__EXERCISE DETAILS__:
Output the entries below so that they read exactly as they do now.

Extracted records
+ + + +

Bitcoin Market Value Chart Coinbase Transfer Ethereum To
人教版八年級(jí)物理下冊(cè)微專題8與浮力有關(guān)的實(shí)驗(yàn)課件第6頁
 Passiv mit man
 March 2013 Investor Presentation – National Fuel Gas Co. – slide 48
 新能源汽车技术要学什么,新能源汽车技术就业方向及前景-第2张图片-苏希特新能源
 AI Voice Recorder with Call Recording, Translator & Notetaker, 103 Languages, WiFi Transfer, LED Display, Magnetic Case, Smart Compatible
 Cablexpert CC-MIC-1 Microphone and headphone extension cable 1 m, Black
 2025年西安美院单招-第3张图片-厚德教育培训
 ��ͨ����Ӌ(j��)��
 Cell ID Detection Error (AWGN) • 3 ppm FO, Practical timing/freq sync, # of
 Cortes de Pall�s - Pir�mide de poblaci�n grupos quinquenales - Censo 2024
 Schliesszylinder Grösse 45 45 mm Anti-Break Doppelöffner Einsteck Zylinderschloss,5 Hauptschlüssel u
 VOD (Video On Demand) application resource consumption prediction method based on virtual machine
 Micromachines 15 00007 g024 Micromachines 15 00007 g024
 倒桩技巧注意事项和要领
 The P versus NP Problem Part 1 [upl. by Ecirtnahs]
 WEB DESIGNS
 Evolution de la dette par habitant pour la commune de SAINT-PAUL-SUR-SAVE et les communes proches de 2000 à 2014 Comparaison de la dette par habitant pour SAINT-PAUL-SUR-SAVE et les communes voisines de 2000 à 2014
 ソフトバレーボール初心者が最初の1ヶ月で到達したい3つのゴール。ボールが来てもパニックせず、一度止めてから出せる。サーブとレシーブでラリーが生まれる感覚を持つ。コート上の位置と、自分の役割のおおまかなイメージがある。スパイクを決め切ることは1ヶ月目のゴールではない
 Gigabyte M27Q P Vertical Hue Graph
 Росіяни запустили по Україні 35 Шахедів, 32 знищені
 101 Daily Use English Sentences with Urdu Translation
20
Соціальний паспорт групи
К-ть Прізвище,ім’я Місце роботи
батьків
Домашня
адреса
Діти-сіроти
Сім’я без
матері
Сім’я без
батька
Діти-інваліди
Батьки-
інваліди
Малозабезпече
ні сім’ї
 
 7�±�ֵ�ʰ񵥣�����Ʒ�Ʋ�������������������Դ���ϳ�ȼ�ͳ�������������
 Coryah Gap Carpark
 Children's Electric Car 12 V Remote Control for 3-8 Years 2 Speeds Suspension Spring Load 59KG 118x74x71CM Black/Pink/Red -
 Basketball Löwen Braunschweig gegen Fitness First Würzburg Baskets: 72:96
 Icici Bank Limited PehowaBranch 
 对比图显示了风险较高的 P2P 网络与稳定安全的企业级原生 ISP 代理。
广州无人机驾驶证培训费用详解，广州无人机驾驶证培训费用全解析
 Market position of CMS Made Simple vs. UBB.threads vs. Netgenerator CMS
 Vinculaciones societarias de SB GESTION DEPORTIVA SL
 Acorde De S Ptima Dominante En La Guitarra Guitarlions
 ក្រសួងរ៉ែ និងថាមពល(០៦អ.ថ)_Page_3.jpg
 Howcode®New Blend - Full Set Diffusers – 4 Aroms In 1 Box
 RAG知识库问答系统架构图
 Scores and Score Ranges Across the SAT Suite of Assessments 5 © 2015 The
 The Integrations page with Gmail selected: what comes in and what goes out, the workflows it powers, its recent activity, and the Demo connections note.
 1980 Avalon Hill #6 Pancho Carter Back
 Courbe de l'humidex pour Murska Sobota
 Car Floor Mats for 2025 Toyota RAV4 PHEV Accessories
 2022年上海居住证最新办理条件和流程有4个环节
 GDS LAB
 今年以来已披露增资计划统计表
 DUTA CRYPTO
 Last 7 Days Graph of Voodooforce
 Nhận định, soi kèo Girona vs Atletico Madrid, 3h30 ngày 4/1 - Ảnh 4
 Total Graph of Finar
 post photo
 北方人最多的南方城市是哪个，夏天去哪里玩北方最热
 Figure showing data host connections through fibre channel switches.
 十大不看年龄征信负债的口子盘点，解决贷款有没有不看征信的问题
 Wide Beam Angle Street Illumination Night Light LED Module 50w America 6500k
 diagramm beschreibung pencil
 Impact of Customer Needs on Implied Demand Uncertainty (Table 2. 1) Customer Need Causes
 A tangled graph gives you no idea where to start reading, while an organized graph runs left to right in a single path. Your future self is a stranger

+ + + +

__EXPECTED ANSWER__:
Bitcoin Market Value Chart Coinbase Transfer Ethereum To
人教版八年級(jí)物理下冊(cè)微專題8與浮力有關(guān)的實(shí)驗(yàn)課件第6頁
 Passiv mit man
 March 2013 Investor Presentation – National Fuel Gas Co. – slide 48
 新能源汽车技术要学什么,新能源汽车技术就业方向及前景-第2张图片-苏希特新能源
 AI Voice Recorder with Call Recording, Translator & Notetaker, 103 Languages, WiFi Transfer, LED Display, Magnetic Case, Smart Compatible
 Cablexpert CC-MIC-1 Microphone and headphone extension cable 1 m, Black
 2025年西安美院单招-第3张图片-厚德教育培训
 ��ͨ����Ӌ(j��)��
 Cell ID Detection Error (AWGN) • 3 ppm FO, Practical timing/freq sync, # of
 Cortes de Pall�s - Pir�mide de poblaci�n grupos quinquenales - Censo 2024
 Schliesszylinder Grösse 45 45 mm Anti-Break Doppelöffner Einsteck Zylinderschloss,5 Hauptschlüssel u
 VOD (Video On Demand) application resource consumption prediction method based on virtual machine
 Micromachines 15 00007 g024 Micromachines 15 00007 g024
 倒桩技巧注意事项和要领
 The P versus NP Problem Part 1 [upl. by Ecirtnahs]
 WEB DESIGNS
 Evolution de la dette par habitant pour la commune de SAINT-PAUL-SUR-SAVE et les communes proches de 2000 à 2014 Comparaison de la dette par habitant pour SAINT-PAUL-SUR-SAVE et les communes voisines de 2000 à 2014
 ソフトバレーボール初心者が最初の1ヶ月で到達したい3つのゴール。ボールが来てもパニックせず、一度止めてから出せる。サーブとレシーブでラリーが生まれる感覚を持つ。コート上の位置と、自分の役割のおおまかなイメージがある。スパイクを決め切ることは1ヶ月目のゴールではない
 Gigabyte M27Q P Vertical Hue Graph
 Росіяни запустили по Україні 35 Шахедів, 32 знищені
 101 Daily Use English Sentences with Urdu Translation
20
Соціальний паспорт групи
К-ть Прізвище,ім’я Місце роботи
батьків
Домашня
адреса
Діти-сіроти
Сім’я без
матері
Сім’я без
батька
Діти-інваліди
Батьки-
інваліди
Малозабезпече
ні сім’ї
 
 7�±�ֵ�ʰ񵥣�����Ʒ�Ʋ�������������������Դ���ϳ�ȼ�ͳ�������������
 Coryah Gap Carpark
 Children's Electric Car 12 V Remote Control for 3-8 Years 2 Speeds Suspension Spring Load 59KG 118x74x71CM Black/Pink/Red -
 Basketball Löwen Braunschweig gegen Fitness First Würzburg Baskets: 72:96
 Icici Bank Limited PehowaBranch 
 对比图显示了风险较高的 P2P 网络与稳定安全的企业级原生 ISP 代理。
广州无人机驾驶证培训费用详解，广州无人机驾驶证培训费用全解析
 Market position of CMS Made Simple vs. UBB.threads vs. Netgenerator CMS
 Vinculaciones societarias de SB GESTION DEPORTIVA SL
 Acorde De S Ptima Dominante En La Guitarra Guitarlions
 ក្រសួងរ៉ែ និងថាមពល(០៦អ.ថ)_Page_3.jpg
 Howcode®New Blend - Full Set Diffusers – 4 Aroms In 1 Box
 RAG知识库问答系统架构图
 Scores and Score Ranges Across the SAT Suite of Assessments 5 © 2015 The
 The Integrations page with Gmail selected: what comes in and what goes out, the workflows it powers, its recent activity, and the Demo connections note.
 1980 Avalon Hill #6 Pancho Carter Back
 Courbe de l'humidex pour Murska Sobota
 Car Floor Mats for 2025 Toyota RAV4 PHEV Accessories
 2022年上海居住证最新办理条件和流程有4个环节
 GDS LAB
 今年以来已披露增资计划统计表
 DUTA CRYPTO
 Last 7 Days Graph of Voodooforce
 Nhận định, soi kèo Girona vs Atletico Madrid, 3h30 ngày 4/1 - Ảnh 4
 Total Graph of Finar
 post photo
 北方人最多的南方城市是哪个，夏天去哪里玩北方最热
 Figure showing data host connections through fibre channel switches.
 十大不看年龄征信负债的口子盘点，解决贷款有没有不看征信的问题
 Wide Beam Angle Street Illumination Night Light LED Module 50w America 6500k
 diagramm beschreibung pencil
 Impact of Customer Needs on Implied Demand Uncertainty (Table 2. 1) Customer Need Causes
 A tangled graph gives you no idea where to start reading, while an organized graph runs left to right in a single path. Your future self is a stranger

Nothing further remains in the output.